Question

Suppose a solution is prepared by dissolving 15.0g NaOH in 0.150 L of 0.250 M nitric acid. What is the final concentration of OH- ions in the solution after the reaction has gone to completion. Assume that there is no volume change when adding the grams of NaOH.

Answer 1

The reaction is:
NaOH (aq) + HNO3 (aq) ? NaNO3 (aq) + H2O
The molecular mass of NaOH is 40 g/mole so:
(15 g) / (40 g/mol) = 0.375 moles of NaOH
are dissolved. Since the volume of the solution is 0.150 L (150 mL) then the initial and final concentration of Na+ is:
(0.375 moles) / (0.150 L) = 2.50 mol/L (M)
because Na+ is a "spectator ion" of the reaction.
The initial number of moles of nitric acid is:
(0.150 L) (0.250 M) = 0.0375 moles.
Since there is a 1:1 stoichiometry of all reactants and products in the reaction, then OH- is present in excess, and all the nitric acid will react.
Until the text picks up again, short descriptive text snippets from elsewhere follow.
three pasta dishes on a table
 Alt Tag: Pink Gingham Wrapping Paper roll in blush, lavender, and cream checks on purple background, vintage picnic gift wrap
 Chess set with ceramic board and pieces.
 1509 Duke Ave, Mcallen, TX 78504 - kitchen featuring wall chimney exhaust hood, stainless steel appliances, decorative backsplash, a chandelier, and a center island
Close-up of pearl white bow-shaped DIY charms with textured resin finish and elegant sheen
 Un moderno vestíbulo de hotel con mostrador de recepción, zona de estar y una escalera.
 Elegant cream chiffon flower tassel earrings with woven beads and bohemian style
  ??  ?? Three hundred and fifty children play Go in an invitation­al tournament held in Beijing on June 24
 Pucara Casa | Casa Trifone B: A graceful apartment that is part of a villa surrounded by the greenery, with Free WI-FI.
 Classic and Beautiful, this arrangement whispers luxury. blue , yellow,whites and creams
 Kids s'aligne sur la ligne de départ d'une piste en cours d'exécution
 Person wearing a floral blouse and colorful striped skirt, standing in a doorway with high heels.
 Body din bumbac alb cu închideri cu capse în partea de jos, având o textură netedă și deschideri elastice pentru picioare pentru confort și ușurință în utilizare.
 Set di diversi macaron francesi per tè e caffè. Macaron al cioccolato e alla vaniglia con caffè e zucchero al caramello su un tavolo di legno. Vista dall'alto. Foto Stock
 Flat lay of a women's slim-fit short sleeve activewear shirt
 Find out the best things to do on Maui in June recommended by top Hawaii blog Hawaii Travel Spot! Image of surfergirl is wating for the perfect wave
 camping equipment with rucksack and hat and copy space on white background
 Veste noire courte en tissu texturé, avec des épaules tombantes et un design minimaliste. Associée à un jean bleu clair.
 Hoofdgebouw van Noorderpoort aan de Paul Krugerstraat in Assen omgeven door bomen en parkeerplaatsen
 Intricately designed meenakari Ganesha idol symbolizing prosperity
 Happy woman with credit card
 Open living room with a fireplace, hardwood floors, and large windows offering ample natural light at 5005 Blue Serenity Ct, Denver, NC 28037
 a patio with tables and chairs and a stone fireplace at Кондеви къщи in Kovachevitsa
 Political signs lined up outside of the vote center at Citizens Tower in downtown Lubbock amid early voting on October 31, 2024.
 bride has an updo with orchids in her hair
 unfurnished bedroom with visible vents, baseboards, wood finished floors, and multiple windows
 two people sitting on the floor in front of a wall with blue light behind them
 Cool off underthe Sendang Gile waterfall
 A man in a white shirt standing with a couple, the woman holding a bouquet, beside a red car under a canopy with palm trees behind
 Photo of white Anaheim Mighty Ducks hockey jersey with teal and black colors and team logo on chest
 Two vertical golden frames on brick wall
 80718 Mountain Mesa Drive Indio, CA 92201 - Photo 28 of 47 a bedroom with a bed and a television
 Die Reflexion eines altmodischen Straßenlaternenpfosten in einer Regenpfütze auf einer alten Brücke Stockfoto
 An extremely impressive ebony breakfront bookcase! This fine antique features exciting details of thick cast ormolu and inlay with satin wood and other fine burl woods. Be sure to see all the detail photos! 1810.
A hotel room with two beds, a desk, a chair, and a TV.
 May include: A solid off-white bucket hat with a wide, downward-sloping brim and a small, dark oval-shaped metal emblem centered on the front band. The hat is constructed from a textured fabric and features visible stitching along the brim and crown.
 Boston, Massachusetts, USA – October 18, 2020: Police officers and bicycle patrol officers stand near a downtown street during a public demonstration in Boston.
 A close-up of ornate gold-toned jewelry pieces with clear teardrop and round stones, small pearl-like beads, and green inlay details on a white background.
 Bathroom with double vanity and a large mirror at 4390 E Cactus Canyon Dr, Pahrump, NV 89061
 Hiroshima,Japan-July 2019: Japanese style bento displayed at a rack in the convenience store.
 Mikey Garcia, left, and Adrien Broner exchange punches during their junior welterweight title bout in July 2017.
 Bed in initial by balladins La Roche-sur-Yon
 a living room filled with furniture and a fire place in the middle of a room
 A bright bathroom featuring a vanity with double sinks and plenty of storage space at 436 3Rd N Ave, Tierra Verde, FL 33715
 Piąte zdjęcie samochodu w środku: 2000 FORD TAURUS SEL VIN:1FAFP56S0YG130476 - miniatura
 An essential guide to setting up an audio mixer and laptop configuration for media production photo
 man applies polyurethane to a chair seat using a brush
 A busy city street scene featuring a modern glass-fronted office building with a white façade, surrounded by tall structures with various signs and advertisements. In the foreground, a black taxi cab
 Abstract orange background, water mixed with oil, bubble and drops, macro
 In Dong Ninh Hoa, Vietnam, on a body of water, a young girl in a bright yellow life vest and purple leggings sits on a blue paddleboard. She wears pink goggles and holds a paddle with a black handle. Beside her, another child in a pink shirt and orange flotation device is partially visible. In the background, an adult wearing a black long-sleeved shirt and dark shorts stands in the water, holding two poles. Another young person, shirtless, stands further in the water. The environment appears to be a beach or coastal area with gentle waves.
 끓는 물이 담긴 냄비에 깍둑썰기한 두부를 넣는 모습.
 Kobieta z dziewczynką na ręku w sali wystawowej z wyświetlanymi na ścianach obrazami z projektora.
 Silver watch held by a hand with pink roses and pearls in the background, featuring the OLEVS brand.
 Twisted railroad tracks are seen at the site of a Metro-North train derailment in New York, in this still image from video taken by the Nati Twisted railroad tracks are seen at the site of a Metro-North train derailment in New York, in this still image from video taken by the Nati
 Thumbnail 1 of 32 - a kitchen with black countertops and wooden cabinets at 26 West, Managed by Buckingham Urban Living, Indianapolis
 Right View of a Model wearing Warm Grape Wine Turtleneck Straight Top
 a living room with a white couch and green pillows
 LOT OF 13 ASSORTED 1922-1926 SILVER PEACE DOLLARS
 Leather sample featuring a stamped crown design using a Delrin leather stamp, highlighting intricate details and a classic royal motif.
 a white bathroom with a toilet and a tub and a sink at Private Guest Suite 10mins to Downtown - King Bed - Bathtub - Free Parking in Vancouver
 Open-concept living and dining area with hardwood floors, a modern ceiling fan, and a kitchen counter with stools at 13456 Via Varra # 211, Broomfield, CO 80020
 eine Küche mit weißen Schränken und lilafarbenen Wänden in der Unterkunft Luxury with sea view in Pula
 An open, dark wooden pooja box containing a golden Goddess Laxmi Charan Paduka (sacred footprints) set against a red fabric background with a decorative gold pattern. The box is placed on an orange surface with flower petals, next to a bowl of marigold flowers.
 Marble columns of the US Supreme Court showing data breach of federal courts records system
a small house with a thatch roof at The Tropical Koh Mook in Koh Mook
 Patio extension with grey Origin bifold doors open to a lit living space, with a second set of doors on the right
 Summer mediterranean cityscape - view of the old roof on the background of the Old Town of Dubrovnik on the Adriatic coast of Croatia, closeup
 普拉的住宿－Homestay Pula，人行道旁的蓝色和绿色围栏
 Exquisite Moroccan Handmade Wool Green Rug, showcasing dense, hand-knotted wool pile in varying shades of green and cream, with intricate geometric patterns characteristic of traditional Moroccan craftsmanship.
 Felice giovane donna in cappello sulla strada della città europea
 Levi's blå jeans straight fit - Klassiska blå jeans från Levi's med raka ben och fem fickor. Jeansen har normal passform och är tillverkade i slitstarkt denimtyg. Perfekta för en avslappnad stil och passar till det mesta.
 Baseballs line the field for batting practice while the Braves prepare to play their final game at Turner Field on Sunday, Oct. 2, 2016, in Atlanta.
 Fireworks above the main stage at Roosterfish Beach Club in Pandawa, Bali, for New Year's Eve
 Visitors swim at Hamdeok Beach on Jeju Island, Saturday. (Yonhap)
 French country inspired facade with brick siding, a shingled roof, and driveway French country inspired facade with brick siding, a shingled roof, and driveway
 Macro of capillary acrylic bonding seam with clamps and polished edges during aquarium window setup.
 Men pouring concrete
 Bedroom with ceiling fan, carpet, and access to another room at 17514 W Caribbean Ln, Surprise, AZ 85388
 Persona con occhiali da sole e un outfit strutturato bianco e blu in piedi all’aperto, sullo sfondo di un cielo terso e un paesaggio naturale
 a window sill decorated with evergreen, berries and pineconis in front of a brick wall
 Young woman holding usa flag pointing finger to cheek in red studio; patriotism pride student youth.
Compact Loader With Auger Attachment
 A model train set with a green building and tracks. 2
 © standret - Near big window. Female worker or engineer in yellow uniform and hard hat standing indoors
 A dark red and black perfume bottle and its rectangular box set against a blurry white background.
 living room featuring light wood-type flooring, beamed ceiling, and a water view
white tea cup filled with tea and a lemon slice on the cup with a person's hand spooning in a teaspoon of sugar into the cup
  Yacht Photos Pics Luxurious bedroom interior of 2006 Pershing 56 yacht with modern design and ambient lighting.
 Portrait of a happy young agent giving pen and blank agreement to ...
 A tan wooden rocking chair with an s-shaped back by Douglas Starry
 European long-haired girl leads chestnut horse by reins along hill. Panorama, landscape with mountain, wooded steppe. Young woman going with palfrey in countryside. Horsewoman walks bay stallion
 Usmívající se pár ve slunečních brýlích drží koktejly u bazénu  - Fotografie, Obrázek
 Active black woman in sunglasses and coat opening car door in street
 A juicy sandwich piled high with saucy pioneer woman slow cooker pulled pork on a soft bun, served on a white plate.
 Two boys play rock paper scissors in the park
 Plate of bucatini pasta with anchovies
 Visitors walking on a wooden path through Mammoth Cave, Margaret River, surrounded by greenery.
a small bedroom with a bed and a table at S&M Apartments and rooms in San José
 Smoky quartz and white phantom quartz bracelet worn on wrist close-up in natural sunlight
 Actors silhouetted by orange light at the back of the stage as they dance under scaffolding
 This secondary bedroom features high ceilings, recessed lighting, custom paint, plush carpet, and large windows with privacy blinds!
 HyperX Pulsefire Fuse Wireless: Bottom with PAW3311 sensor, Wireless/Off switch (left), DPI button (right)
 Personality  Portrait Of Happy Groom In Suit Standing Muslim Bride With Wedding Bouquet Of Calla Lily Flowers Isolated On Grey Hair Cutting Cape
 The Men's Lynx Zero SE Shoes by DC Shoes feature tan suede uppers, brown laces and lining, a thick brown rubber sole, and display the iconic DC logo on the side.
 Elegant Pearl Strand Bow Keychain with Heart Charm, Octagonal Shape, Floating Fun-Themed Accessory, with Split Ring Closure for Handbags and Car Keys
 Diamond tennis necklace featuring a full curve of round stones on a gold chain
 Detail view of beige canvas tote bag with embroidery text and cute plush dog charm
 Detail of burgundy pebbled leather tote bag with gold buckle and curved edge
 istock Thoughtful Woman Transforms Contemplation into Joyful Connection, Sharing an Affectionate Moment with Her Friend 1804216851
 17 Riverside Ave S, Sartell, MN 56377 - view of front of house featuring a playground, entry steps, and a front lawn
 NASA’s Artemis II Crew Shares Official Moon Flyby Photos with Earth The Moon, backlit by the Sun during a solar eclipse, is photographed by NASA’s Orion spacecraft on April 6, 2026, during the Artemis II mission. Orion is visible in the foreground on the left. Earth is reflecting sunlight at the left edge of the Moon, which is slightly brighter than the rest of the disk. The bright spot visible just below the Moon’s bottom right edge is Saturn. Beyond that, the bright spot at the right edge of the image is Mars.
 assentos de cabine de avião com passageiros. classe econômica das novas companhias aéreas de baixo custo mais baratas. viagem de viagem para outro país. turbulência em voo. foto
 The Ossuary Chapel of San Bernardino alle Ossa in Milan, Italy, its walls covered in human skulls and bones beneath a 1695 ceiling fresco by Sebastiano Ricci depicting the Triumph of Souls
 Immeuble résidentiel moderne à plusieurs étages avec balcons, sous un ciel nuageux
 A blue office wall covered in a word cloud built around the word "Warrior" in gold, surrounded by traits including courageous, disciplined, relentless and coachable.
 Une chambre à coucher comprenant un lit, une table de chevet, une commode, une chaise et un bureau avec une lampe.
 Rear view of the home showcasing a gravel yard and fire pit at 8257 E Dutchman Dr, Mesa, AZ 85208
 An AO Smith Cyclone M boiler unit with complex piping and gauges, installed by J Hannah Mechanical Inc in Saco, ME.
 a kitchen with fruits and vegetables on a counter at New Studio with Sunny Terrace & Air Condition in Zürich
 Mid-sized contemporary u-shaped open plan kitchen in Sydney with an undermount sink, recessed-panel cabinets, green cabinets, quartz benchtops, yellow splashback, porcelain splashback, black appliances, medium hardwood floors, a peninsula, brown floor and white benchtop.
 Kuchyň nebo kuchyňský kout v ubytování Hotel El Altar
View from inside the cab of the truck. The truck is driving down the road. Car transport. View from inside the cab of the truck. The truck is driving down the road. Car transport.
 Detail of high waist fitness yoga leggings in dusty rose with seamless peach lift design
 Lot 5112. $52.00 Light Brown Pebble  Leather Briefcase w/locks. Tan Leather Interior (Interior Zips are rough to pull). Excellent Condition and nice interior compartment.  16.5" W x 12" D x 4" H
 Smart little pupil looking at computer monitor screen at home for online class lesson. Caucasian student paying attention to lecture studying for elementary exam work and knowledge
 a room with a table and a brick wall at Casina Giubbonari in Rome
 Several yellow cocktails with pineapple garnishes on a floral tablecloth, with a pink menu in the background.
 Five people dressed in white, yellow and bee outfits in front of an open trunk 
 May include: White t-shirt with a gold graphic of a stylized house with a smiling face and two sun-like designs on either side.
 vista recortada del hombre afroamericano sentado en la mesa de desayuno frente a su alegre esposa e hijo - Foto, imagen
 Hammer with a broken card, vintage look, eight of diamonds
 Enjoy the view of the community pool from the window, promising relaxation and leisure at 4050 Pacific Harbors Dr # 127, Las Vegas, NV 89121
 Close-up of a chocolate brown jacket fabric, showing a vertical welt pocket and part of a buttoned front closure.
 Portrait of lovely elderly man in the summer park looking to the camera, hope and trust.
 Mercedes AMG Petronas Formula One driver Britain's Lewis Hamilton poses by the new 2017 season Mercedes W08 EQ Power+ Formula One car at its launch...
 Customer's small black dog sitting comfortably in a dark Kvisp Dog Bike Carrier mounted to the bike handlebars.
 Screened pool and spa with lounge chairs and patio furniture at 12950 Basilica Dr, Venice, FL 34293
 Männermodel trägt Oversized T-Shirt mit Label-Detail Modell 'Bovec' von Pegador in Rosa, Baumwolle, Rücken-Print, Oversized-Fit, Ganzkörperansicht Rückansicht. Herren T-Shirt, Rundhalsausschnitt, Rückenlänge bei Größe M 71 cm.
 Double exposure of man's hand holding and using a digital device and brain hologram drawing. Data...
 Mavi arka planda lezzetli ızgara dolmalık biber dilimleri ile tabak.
Therefore the final concentration of nitrate ion will equal the initial concentration of nitric acid; NO3- = 0.250 M.
Finally, there will be 0.375 moles - 0.0375 moles = 0.3375 moles of OH- left over from the reaction, also because of the 1:1 stoichiometry of the reagents. The final concentration of OH- is then:
(0.3375 moles) / (0.150 L) = 2.25 M OH-.
The resultant solution is basic (alkaline).